Botnets are a lot like dandelions; you think they’re dead and then when you’re not looking they pop right back up. It’s happened time and again in the malware ecosystem and the latest member of the undead botnet society is Grum, which was only just taken down last week. Over the weekend several of the command-and-control servers used by the Grum botmasters reappeared in Ukraine.
Researchers at FireEye, who have been closely involved in the takedown of the Grum botnet, found that within the last couple of days, three of the C&C servers used by the botnet were brought back online. Those servers are located in Ukraine and, like the others associated with Grum, had been taken offline last week in an effort to disable Grum. There were additional C&C servers located in the Netherlands and Panama, but those have not been active again.

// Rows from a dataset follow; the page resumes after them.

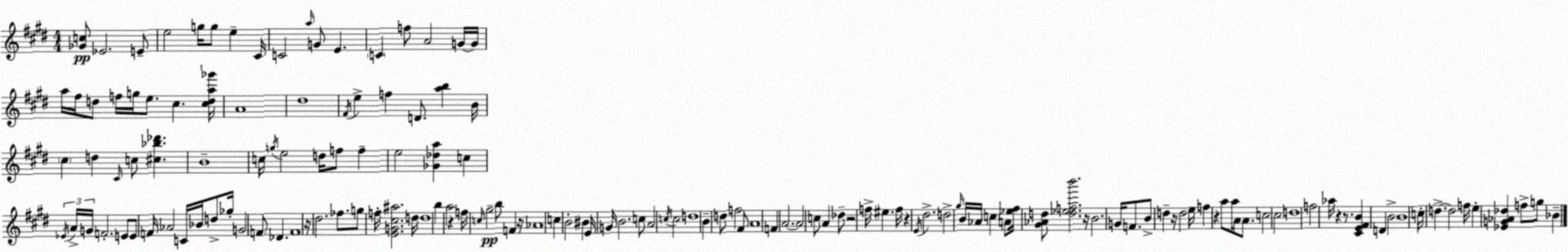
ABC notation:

X:1
T:Untitled
M:4/4
L:1/4
K:E
[_Gc]/2 _E2 E/2 e2 g/4 g/2 e ^C/4 C2 a/4 G/2 E C f/2 A2 G/4 G/4 a/4 ^f/4 d/2 f/4 g/4 e/2 ^c [^cda_g']/4 A4 ^d4 ^F/4 e f D/2 [ab] B/4 ^c d ^C/4 c/2 [^c_b_d'] B4 c/4 g/4 e2 d/4 f/2 f e2 [_G_da] c _E/4 A/4 G/4 F2 E/2 E/2 F/4 _A2 C/4 _B/4 d/2 _g/4 G2 F/2 _D F4 z/4 ^d2 _f/2 g/2 f/4 [EG^c^a]2 d/4 d4 b a2 z f/4 c/4 ^g2 b/2 F z/4 _A4 c B2 ^B E/4 G/4 B2 c/2 A2 c/4 c2 d4 B d/2 f2 ^F/2 A4 F A2 A2 c/2 A _d/2 z2 f/4 ^e f/4 z E/4 ^d2 d2 ^g/4 B/4 _A/4 c A/2 [_e^f]/4 [^G_Ad]/2 [d_efb']2 z/4 B2 G/4 F/2 B/2 d z/4 d2 e/4 f z a/2 a/4 A/2 A/2 c2 ^c2 d4 f2 _a/4 z z/2 [^CE^FB] D B2 B4 c/4 d d2 f/4 e [_EG_A_d] f/2 g/2 _B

“Over the weekend we found that the Ukrainian ISP SteepHost removed the null route on three CnCs that were taken down last week. We suspect the bot herders must have paid a large amount of money in order to get access to these servers. We immediately noticed this change and contacted SteepHost once again. After hours of negotiations, they eventually shut down these CnCs once more. During this time there was a short burst of spam sent by Grum, but it has disappeared as of this morning,” Atif Mushtaq of FireEye said.
It’s not unusual at all to see botnets that have been taken down completely or just damaged reemerge after a period of time. In some cases this is the result of the bot herders moving their C&C infrastructure to fall-back servers that are set up for that purpose. In other cases, another attacker or group of criminals will use the same malware–or a close relative of it–and stand up a separate botnet with the same characteristics.
The names may change, but the game stays the game.
In the case of Grum, it was a different story altogether. One of the hosting providers moved to restore connectivity to the three C&C servers it controlled. Mushtaq said that a representative of SpamHaus, the global anti-spam clearinghouse, had talked with officials at SteepHost, the Ukrainian hosing provider, about the wisdom of restoring the Grum C&C servers.
“A strong warning has been given to SteepHost that if something like this happens again, a complaint will be filed with their upstream provider which might de-peer them off the Internet. Alternatively their whole subnet can be blacklisted which could cause some serious damage to their business,” Mushtaq said.
De-peering is an extreme measure that’s typically reserved for the worst offenders among hosting providers, meaning those who knowingly harbor spammers, provide no-questions-asked hosting to cybercriminals and ignore requests from researchers and other hosting providers to remove malicious servers. SteepHost has appeared on the Host Exploit list of Top 50 Bad Hosts in the past, but was not on the most recent list.